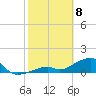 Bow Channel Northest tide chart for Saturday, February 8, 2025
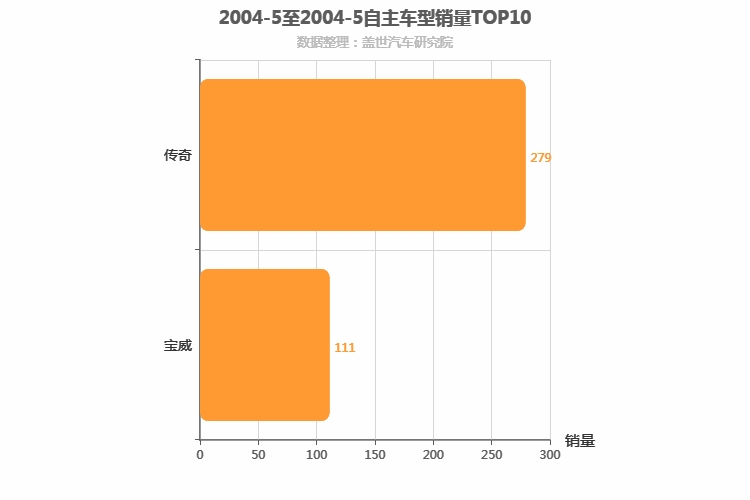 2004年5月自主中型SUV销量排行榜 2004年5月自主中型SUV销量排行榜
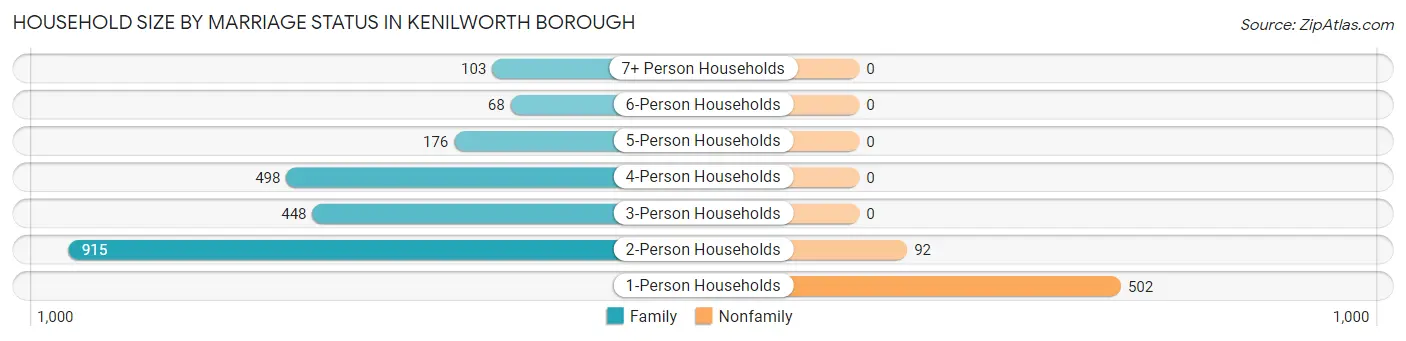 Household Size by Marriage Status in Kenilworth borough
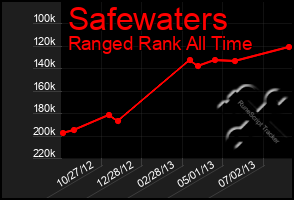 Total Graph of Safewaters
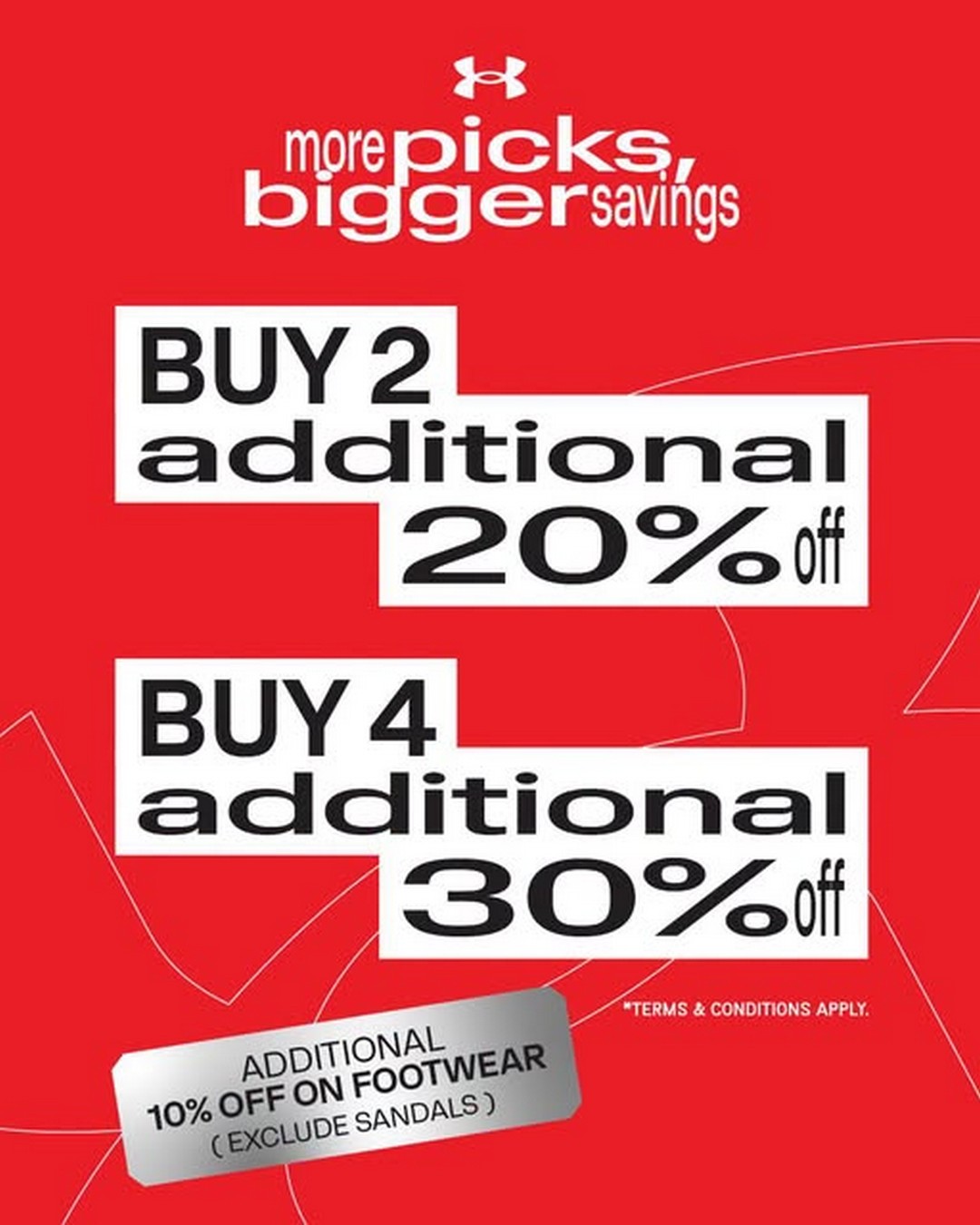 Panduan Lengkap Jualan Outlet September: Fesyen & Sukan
...
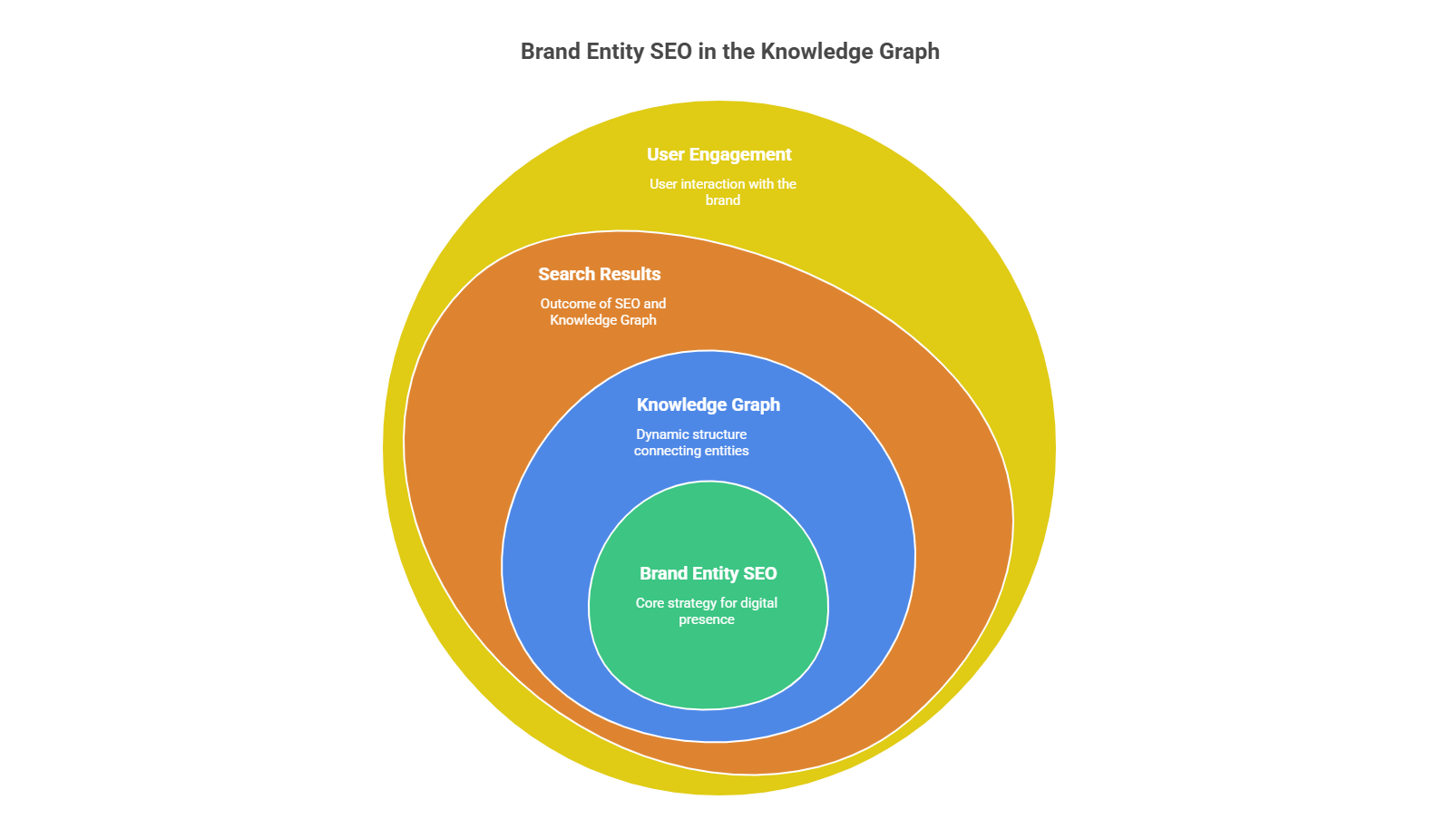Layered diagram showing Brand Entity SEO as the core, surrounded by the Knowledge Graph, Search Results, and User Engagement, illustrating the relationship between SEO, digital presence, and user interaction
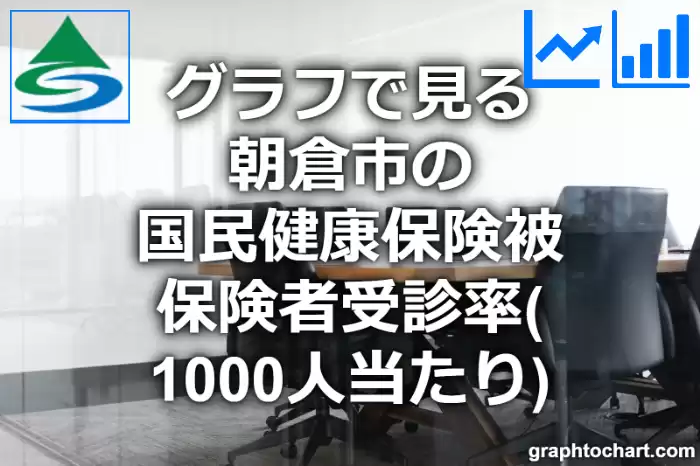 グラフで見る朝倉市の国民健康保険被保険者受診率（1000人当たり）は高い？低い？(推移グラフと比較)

ASSIGNMENT. Look above for the line with "Bow Channel Northest"; quote it and every line after it, stopping after the line with "Panduan Lengkap Jualan", exactly, with nothing added and without pictures.

RESULT OF THIS EXERCISE.
 Bow Channel Northest tide chart for Saturday, February 8, 2025
 2004年5月自主中型SUV销量排行榜 2004年5月自主中型SUV销量排行榜
 Household Size by Marriage Status in Kenilworth borough
 Total Graph of Safewaters
 Panduan Lengkap Jualan Outlet September: Fesyen & Sukan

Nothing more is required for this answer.